Ottessa Moshfegh a ojos del ilustrador Max Rompo.
Un mail. Que si quiero entrevistar a Ottessa Moshfegh. Por supuesto, por supuesto, será un placer, escribo de vuelta. El regocijo dura hasta la mañana de la entrevista. Ahí me hundo. Moshfegh ha dicho mil veces que no le gustan las entrevistas. Su mirada en las fotos dice a gritos UN LIBRO NO HAY QUE EXPLICARLO SÓLO ESCRIBIRLO Y DEJAR QUE LA GENTE LO LEA. Su mirada también dice NO ME DEIS MUCHO LA LATA HACED EL FAVOR HARTITA ME TENÉIS. Creo que los buenos escritores no tienen, como yo, esta ansia aterrorizada por explicar los libros, este temor a que no se entiendan por sí solos. McGlue, el primer libro de Ottessa, que ahora podemos disfrutar en español de la mano de Alfaguara, es, desde luego, un charco profundo y oscuro, misterioso en cuanto a su hechura como pocos libros. Tan desconcertante que queremos que siga siendo así. McGlue, un marinero bruto y ruin, monologa desde la bodega del barco en la que está retenido, en un estado de borrachera intermitente que deforma la realidad. Su historia se va dibujando entre la neblina del alcohol y los recuerdos. Sólo quiere seguir bebiendo para emborronar la sospecha de que quizás haya matado a un hombre. Un hombre que era, además, su mejor amigo.
A oscuras en el pasillo del hotel, mientras espero a que me den paso a la habitación en la que tendrá lugar la entrevista, miro una foto de Ottessa en la pantalla de mi móvil. Su mirada grita ME LA SUDAN VUESTRAS PREGUNTAS ESTOY TRANQUILA ESTOY BIEN DÉJAME ENCERRARME EN MI CASA DEL SUR DE CALIFORNIA A ESCRIBIR COMO UNA DEMENTE BEBIENDO MEDIO VASO DE AGUA AL DÍA. He llegado a la entrevista con diez minutos de antelación. Pego la oreja a la puerta. Al otro lado, su voz reposada responde a la periodista que va antes de mí. A medida que pasan los minutos, me encojo hasta ser una niña de cinco años que no sabe leer, no sabe inglés, no sabe nada. Conozco esta sensación: es el fenómeno fan chupándome la carne y tirando mis huesos al contenedor del vidrio. Cuando la puerta se abre, entro pisándome el pijama de ositos.
Contra todo pronóstico, Ottessa Moshfegh, sentada en el sofá frente a un vaso de agua, me recuerda a una amiga de la infancia.
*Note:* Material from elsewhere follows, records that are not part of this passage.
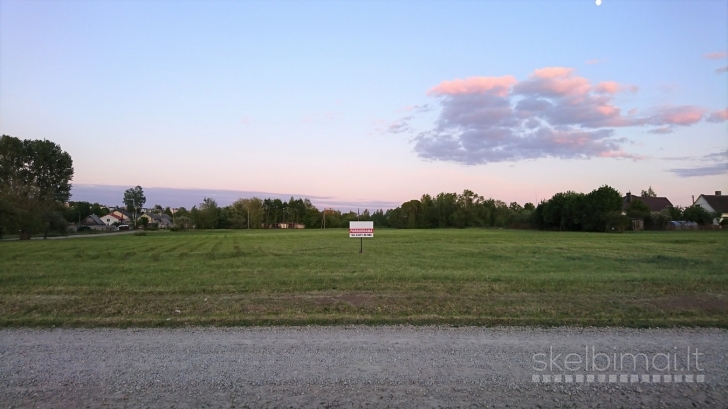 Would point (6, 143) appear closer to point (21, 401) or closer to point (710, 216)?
point (21, 401)

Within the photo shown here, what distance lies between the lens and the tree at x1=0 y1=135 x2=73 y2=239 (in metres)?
55.7

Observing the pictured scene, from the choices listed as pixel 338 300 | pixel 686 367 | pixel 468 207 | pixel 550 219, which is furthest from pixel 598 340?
pixel 468 207

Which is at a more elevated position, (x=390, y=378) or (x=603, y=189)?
(x=603, y=189)

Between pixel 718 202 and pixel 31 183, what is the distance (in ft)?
419

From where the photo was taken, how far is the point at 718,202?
91.6 m

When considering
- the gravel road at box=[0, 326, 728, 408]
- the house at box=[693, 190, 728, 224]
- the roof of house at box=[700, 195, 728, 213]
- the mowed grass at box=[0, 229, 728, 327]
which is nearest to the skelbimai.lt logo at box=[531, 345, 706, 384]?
the gravel road at box=[0, 326, 728, 408]

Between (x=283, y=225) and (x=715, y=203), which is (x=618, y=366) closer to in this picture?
(x=715, y=203)

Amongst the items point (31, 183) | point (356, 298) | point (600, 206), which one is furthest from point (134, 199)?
point (356, 298)

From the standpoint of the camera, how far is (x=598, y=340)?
6.97m

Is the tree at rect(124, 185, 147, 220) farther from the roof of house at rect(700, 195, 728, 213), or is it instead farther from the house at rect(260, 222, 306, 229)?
the roof of house at rect(700, 195, 728, 213)

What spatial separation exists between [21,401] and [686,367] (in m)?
8.14

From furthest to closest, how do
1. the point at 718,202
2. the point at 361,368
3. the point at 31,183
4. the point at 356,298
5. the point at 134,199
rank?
the point at 134,199 → the point at 718,202 → the point at 31,183 → the point at 356,298 → the point at 361,368

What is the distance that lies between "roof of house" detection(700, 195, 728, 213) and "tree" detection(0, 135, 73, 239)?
12174 centimetres

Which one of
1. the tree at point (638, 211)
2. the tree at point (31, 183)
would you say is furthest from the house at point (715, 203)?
the tree at point (31, 183) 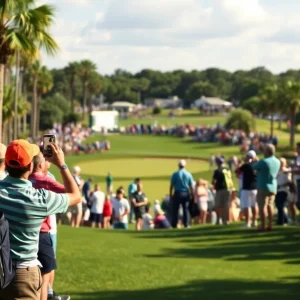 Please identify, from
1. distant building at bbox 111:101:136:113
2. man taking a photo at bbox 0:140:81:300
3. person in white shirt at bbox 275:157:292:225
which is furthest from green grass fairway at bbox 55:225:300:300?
distant building at bbox 111:101:136:113

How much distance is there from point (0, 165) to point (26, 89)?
88.8 m

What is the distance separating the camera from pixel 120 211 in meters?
22.8

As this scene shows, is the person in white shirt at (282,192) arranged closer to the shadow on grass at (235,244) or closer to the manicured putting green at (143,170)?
the shadow on grass at (235,244)

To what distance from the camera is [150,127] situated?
349ft

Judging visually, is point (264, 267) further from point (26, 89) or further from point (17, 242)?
point (26, 89)

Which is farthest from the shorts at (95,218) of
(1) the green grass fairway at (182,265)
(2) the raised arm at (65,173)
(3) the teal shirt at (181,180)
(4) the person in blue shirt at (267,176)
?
(2) the raised arm at (65,173)

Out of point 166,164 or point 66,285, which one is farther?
point 166,164

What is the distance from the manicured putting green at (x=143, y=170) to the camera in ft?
151

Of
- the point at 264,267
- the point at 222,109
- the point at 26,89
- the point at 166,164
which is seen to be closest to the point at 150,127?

En concreto a una amiga que presentó un trabajo de clase con un moco seco diminuto asomándole de la nariz. Yo rezaba por que nadie más viera ese moco, y moría de ternura cuando lo veía asomar tímidamente en cada exhalación de aire. Le pusieron un 10. Yo le habría puesto un 1000. El único moco que tiene Ottessa es un cansancio tremendo que asoma por debajo de su amabilidad y su dulzura. Posee un poder inteligente de reina de cuento, pero no hace mal uso de él. No es caprichosa, ni desdeñosa. Ni siquiera parece que finja amabilidad, que es lo que he visto hacer a muchos famosos -cómo no caer en ello, pobres criaturas agotadas y sobreexpuestas- para sobrevivir a las giras promocionales. La mirada de Moshfegh es un cuchillo de franqueza límpida. Yo sé que dentro esconde pantanos pútridos, humores apestosos, bajas pasiones. Y eso hace su charca aún más hermosa. Meto un pie en las aguas negras: ¿Es necesaria esta entrevista, es necesario explicar un libro?
Por supuesto que odia las entrevistas, por supuesto que no tienen sentido. Nos sonreímos mutuamente, qué bien. Lo cierto es que yo también preferiría estar en casa releyéndola, y no aquí sudando pijama, tosiendo en inglés. No soy partidaria de encarar a los ídolos. Nunca sale bien. Pero Ottessa es un ídolo que sabe cuál es su trabajo. «Me parece normal que si alguien lee un libro y le parece interesante, piense que el escritor de ese libro puede decir algo interesante acerca del libro o de la escritura. Yo, personalmente, como lectora, nunca quiero saber nada del autor. No quiero ver ni una foto suya. Quiero apreciar el libro por su valor como entidad en sí misma».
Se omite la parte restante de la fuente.